Synthetic data is fine if reality grades it. RL rollouts generate many candidate solutions; cheap filters (compiles? passes tests?) discard most, leaving high-quality examples to fold back into training.
Cross-language translation is powerful data augmentation. A working program rewritten Python→Go yields correct new training data — far richer than pixel-shift augmentation.
Distillation is the strategy, not a side effect. Frontier models exist partly to teach smaller “Flash”-tier models, which are the real workhorses. Closed-vs-open is secondary to big-teaches-small.
Continual learning is the unsolved problem Dean has tried repeatedly and can’t crack. The aspiration: interleave passive learning with action-taking instead of separate train-then-tune phases.
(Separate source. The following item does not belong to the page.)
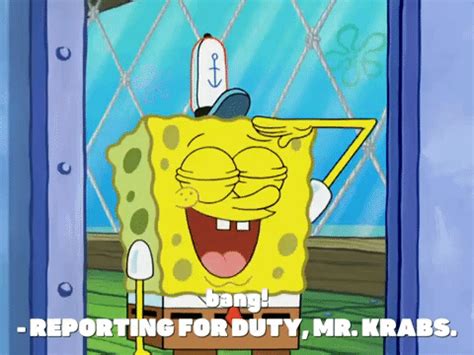 Episode Legends Of Bikini Bottom The Monster Who Came To Bikini Bottom By Spongebob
Long context via cascade, not brute force. Attention is O(n²); the plan is layered retrieval (10B docs → 30K → 117 → context window) to fake near-infinite memory cheaply. ~100 papers exist on sub-quadratic attention.
Cosmic rays flip real bits. Confirmed in Google’s ECC monitoring — directional clusters show transient single-bit error spikes. Single consumer machines (parity only, no ECC) are mostly fine; fleets of tens of thousands are not.
The million-X bet: another decade of ~1,000,000x compute could compress multi-year engineering (aircraft, chip design) into days via multi-agent workflows. Not there yet.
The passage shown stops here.